Shifting Focus to Mozart's Operas

Jane R. Stevens
University of California, San Diego


Cliff Eisen, ed. Mozart Studies 2 (Oxford: Clarendon Press, 1997). Pp. x + 208. $77.00 cloth.
Mary Hunter. The Culture of Opera Buffa in Mozart's Vienna: A Poetics of Entertainment (Princeton: Princeton University Press, 1999). Pp. 331. $45.00 cloth.
Mary Hunter and James Webster, eds. Opera Buffa in Mozart's Vienna (Cambridge: Cambridge University Press, 1997). Pp. xii + 460. $65.96 cloth.

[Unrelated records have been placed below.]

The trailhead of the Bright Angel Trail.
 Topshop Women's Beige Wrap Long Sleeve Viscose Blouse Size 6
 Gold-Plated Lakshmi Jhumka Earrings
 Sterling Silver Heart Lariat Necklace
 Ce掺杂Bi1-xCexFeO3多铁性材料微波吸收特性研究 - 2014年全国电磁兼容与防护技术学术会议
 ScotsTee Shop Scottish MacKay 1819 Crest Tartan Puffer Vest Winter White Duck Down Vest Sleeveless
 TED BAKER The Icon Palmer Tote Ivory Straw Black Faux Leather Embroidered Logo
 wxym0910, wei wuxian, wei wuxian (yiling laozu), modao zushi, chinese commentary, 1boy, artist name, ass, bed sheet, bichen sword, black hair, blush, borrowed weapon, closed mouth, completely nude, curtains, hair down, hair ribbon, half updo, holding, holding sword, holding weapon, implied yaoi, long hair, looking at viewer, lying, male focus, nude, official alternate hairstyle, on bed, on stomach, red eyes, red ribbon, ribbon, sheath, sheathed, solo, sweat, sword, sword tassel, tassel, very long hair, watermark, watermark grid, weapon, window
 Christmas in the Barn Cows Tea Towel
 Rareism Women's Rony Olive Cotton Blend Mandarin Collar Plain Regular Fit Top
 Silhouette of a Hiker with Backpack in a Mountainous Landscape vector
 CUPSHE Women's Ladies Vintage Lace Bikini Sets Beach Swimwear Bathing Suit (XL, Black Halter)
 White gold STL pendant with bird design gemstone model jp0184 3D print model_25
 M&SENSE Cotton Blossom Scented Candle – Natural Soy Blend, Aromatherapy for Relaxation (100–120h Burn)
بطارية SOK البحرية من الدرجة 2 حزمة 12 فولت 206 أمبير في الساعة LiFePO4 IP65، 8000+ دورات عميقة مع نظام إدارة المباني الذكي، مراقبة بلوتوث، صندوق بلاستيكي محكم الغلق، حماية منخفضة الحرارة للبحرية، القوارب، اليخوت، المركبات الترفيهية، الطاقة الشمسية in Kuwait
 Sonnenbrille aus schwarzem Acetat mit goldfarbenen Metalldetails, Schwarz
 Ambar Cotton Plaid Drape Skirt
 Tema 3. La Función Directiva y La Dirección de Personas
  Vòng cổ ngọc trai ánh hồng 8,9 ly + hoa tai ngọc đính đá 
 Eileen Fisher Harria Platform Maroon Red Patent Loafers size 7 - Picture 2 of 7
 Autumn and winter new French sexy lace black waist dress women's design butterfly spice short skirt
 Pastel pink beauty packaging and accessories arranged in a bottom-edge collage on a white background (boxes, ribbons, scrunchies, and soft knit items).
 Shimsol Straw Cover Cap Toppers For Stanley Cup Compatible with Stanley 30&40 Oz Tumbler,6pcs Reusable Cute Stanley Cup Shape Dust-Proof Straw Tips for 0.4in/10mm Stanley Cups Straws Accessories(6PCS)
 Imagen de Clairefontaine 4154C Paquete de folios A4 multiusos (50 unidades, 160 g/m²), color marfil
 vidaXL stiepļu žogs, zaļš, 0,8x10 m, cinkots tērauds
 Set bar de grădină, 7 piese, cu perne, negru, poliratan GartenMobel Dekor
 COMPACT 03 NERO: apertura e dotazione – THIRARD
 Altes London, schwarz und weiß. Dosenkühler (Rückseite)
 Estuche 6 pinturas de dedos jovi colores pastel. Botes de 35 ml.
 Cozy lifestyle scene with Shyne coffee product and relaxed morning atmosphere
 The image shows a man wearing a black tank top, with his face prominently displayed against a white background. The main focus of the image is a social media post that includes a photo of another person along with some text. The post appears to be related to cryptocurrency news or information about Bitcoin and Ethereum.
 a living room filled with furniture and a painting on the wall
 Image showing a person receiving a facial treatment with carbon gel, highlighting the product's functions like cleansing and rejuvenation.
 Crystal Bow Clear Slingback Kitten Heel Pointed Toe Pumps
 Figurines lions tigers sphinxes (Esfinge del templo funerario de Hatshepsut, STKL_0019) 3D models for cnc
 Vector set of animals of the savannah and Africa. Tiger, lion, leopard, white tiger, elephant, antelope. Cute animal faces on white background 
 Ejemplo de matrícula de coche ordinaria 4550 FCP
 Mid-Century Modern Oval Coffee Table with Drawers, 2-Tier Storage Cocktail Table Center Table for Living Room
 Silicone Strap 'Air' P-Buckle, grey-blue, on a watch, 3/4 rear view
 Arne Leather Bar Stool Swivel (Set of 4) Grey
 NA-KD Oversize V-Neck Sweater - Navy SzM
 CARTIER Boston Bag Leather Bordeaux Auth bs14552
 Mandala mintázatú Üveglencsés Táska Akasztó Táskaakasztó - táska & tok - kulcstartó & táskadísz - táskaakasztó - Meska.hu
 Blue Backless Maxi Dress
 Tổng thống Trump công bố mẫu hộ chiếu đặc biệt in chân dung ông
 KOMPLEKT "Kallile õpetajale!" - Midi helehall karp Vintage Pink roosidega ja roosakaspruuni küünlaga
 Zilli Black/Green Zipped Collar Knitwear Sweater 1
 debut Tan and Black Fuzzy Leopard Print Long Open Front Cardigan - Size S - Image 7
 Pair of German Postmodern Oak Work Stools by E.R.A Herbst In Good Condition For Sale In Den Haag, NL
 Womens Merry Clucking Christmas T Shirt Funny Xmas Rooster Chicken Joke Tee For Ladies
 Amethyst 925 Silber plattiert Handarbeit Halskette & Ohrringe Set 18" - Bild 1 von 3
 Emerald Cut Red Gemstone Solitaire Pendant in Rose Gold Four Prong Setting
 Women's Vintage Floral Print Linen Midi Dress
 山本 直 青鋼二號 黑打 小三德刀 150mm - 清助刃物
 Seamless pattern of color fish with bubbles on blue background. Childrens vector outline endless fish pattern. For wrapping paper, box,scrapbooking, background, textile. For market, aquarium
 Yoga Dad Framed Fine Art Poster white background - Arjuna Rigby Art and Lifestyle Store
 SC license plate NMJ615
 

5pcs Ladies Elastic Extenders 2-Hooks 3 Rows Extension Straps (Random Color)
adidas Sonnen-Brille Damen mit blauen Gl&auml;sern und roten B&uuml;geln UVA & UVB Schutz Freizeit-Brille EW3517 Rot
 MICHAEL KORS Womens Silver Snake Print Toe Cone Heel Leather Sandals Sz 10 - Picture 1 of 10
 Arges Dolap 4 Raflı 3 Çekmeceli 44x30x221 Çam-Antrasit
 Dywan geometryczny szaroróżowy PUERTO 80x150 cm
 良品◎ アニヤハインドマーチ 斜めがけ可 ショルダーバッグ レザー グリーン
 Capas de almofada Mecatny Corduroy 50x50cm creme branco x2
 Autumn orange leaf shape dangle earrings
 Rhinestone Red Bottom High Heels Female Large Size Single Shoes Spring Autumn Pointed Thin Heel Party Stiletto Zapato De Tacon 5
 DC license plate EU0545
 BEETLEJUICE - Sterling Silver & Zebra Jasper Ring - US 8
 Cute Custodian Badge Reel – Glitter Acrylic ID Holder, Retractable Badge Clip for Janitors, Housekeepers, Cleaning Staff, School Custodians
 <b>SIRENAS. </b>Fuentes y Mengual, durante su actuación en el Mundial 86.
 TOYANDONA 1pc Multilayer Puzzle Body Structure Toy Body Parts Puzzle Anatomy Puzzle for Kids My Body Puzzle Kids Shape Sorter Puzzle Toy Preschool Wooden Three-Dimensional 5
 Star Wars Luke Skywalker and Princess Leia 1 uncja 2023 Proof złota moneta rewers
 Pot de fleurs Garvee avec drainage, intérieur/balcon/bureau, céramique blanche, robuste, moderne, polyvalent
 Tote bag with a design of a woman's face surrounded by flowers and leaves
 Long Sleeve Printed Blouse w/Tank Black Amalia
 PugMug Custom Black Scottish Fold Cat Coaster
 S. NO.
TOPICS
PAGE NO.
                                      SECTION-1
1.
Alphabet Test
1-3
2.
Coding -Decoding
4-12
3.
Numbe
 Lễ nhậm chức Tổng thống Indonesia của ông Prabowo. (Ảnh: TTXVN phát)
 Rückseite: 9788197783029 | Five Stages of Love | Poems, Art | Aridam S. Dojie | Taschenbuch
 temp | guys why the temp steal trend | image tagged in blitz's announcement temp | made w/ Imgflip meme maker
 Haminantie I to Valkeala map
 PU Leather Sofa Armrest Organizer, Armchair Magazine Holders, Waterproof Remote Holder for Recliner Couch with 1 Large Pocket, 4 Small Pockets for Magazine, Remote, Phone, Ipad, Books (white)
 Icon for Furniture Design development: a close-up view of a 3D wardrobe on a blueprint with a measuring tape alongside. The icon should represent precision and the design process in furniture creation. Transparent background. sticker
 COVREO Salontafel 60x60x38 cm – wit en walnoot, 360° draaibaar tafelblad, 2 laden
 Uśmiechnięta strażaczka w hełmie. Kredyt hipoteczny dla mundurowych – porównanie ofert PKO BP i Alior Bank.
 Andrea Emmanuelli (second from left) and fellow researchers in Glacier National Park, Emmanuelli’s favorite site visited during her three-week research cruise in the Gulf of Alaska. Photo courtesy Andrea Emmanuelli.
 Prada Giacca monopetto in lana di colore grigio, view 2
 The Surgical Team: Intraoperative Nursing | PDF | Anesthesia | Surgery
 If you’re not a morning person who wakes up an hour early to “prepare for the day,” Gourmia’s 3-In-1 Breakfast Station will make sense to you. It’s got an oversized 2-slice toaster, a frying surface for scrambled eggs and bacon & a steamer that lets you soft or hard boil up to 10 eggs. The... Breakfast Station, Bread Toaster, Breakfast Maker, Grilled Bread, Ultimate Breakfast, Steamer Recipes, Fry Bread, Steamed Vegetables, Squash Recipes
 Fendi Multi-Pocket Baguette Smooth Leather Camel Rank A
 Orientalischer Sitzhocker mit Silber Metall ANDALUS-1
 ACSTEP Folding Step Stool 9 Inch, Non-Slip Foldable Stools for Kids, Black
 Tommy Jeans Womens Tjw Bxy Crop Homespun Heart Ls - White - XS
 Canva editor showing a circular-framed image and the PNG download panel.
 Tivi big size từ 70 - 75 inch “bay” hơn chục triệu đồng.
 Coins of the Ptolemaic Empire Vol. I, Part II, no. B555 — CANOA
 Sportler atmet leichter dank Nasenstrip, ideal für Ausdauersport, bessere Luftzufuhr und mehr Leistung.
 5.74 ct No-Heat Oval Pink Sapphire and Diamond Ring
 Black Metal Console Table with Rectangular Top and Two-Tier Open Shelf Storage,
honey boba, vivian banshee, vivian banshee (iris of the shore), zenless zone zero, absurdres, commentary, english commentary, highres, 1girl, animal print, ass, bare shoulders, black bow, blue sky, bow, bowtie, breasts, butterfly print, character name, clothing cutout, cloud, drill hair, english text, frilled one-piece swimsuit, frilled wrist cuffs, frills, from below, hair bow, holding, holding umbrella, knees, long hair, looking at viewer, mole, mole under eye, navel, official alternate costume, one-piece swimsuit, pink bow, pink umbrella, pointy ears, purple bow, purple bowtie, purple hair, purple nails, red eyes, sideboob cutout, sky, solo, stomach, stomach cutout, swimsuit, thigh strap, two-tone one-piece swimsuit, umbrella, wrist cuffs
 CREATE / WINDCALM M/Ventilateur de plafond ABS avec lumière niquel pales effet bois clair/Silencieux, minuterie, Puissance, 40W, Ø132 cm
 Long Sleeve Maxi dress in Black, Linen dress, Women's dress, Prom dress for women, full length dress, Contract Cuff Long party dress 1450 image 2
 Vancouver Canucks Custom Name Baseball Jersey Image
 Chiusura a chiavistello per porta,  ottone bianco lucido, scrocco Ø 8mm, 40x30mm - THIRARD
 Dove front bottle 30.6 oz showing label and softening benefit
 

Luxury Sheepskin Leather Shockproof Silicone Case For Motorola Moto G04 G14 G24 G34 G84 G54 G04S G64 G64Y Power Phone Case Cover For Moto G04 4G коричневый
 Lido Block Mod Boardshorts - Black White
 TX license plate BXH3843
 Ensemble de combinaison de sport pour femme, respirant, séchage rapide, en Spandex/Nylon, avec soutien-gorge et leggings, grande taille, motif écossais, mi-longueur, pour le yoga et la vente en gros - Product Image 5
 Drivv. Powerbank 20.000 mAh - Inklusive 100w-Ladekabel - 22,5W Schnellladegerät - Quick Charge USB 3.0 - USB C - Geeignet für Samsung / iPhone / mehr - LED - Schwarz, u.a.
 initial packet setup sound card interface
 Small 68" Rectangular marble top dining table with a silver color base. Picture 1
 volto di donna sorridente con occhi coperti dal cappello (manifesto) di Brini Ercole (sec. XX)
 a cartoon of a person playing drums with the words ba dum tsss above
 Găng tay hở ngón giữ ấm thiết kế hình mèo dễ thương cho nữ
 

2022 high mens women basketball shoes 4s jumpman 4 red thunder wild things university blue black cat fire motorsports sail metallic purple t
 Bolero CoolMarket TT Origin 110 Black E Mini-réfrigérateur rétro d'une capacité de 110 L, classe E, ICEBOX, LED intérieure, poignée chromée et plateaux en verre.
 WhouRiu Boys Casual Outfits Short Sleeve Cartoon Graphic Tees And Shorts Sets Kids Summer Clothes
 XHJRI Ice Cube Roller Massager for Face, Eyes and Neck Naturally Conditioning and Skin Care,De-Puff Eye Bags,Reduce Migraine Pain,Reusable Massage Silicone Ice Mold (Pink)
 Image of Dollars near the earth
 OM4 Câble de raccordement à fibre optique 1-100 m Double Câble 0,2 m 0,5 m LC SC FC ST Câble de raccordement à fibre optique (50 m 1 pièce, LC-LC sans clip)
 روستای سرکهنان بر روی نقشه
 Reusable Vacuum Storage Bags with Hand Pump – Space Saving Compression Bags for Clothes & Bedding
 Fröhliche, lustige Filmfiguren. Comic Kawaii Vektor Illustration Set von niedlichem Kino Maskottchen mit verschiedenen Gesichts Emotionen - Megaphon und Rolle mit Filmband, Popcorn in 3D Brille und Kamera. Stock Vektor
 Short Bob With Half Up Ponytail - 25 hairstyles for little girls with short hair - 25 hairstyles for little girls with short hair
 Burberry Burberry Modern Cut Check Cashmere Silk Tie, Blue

Students of the eighteenth century with some interest in music are likely to have more than a passing acquaintance with Wolfgang Amadeus Mozart, one of the indisputable giants of his time. Anyone who has not looked in on music-historical scholarship in the last decade or two, however, may be somewhat surprised by how much has changed in Mozart studies and by the vitality evidenced in much contemporary work on late-eighteenth-century music, a liveliness that is clearly reflected in these three volumes published in the late 1990s. Far from the (perhaps divinely) inspired composer who produced unique works of art from the wellsprings of his inscrutable genius, Mozart is now seen, as if anew, as a much more interesting (if still uniquely gifted) human being living and working within a particular historical and geographical world as a skilled professional--in the words of Neal Zaslaw, a "working stiff." And as if to mirror this change in viewpoint from the absolute to the particular, the center of interest in his music has shifted from wordless instrumental music to operas, the musical genre most securely grounded in the practicalities of the real world.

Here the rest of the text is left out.